Released into arcades by Nintendo in 1983, Mario Bros. is a one or two-player platform game featuring Mario and Luigi as the main characters. Incidentally, this was the first time Luigi ever appeared in a video game.
Mario Bros. was designed by Shigeru Miyamoto and Gunpei Yokoi – two of the lead creators of Donkey Kong, of which this game is a follow-up.
The basic idea is to run around a series of platforms, bumping-off hostile creatures by headbutting the floor beneath them, which flips them over and allows you to collect them – if you can reach them in time.

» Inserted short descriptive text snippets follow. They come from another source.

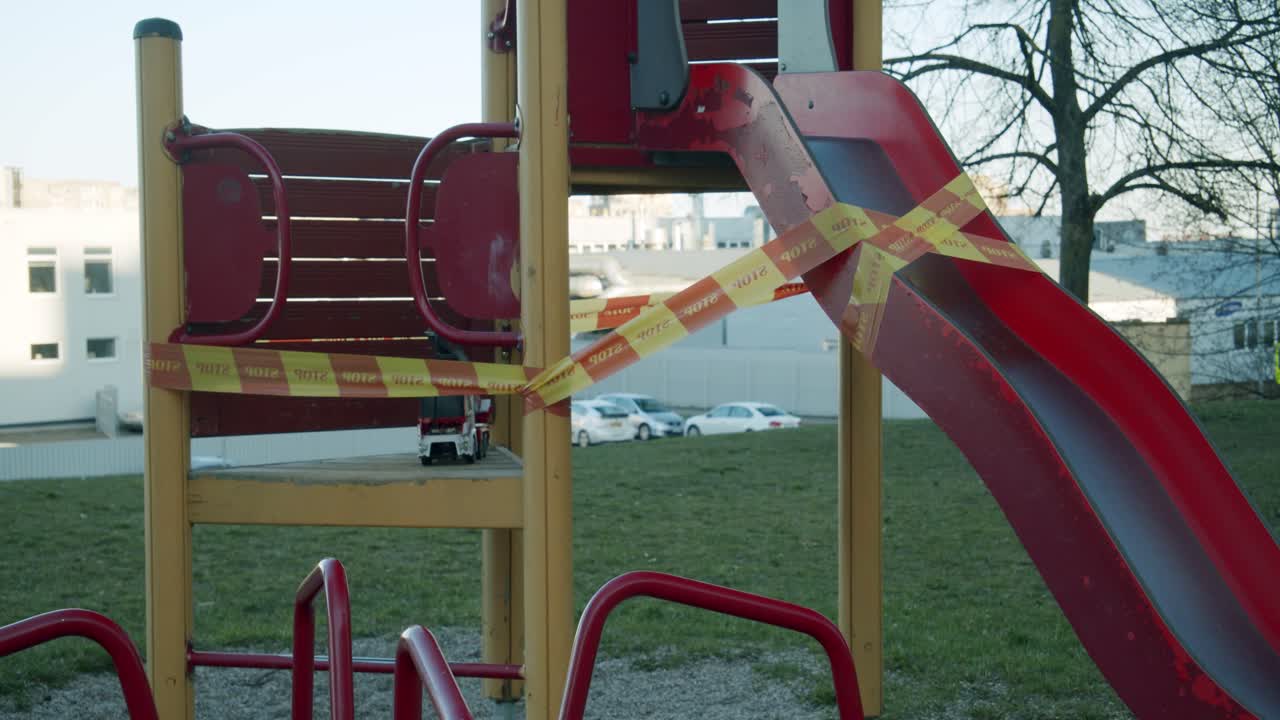 A Closed Down Slide and a Toy in an Empty Kids' Playground Wrapped in Yellow and Red "STOP" Caution Tape due to Quarantine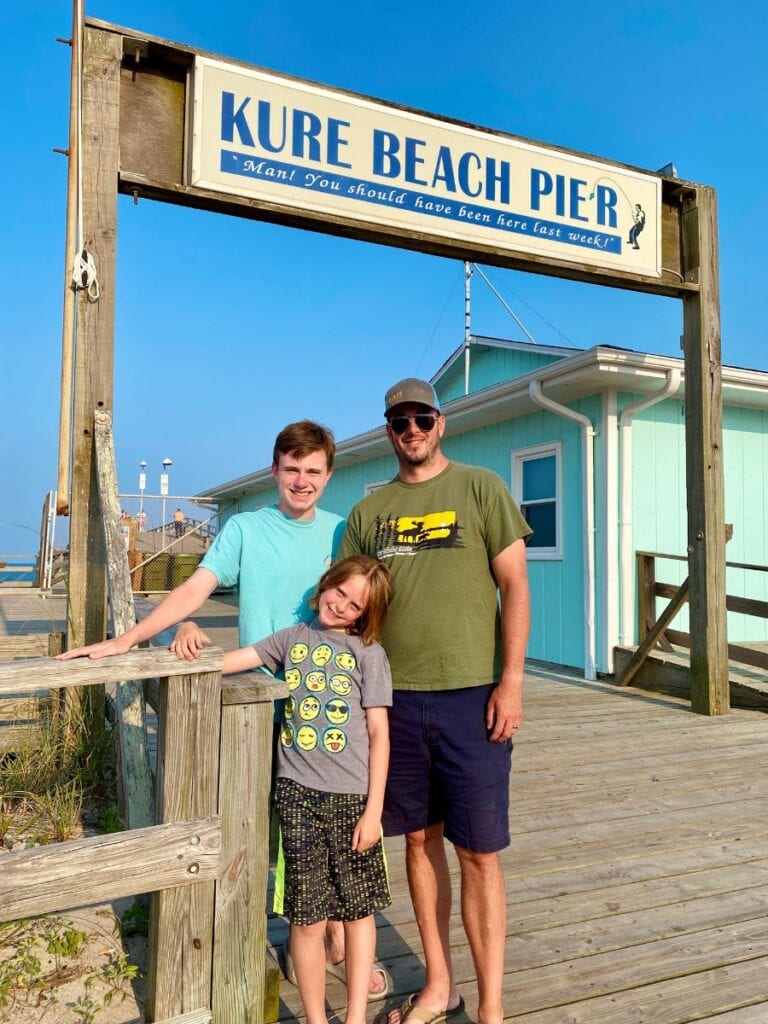 A smiling family of three posing under the sign for Kure Beach Pier, which humorously reads, "Man! You should have been here last week!"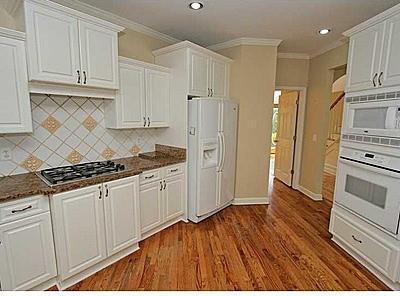 kitchen with white appliances, white cabinets, backsplash, and dark hardwood / wood-style floors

If you don’t reach them in time they get back up (usually with a colour change) and become more angry; moving faster and more aggressively.
Each new stage usually introduces a new enemy, and how to deal with them is explained on an introductory screen. Some levels combine enemy types to make things even trickier.
There’s also an intermittent bonus screen where you have to jump around collecting coins before a timer runs down.
Mario Bros. is obviously designed to be played two-player – player one controlling Mario, and player two Luigi – but it also works fine as a single-player game. It could be described as a ‘cooperative’ two-player game, because both players have the same aim (to rid the stage of enemies), although both players are really competing for the high score.
I remember playing Mario Bros. in arcades as a young teenager and not being particularly impressed by it. I could see that the game had potential (which wouldn’t really be unlocked until Super Mario Bros. came out), but I didn’t (and still don’t) like the character turning mechanic, which is slow and cumbersome, leading to unnecessary frustration.
There’s no denying that Mario Bros. is a memorable video game from the early days of Nintendo‘s history, but it’s certainly not what I would call a “classic”. Not in gameplay terms. Mario Bros. has its fans, but unfortunately I’m not one of them.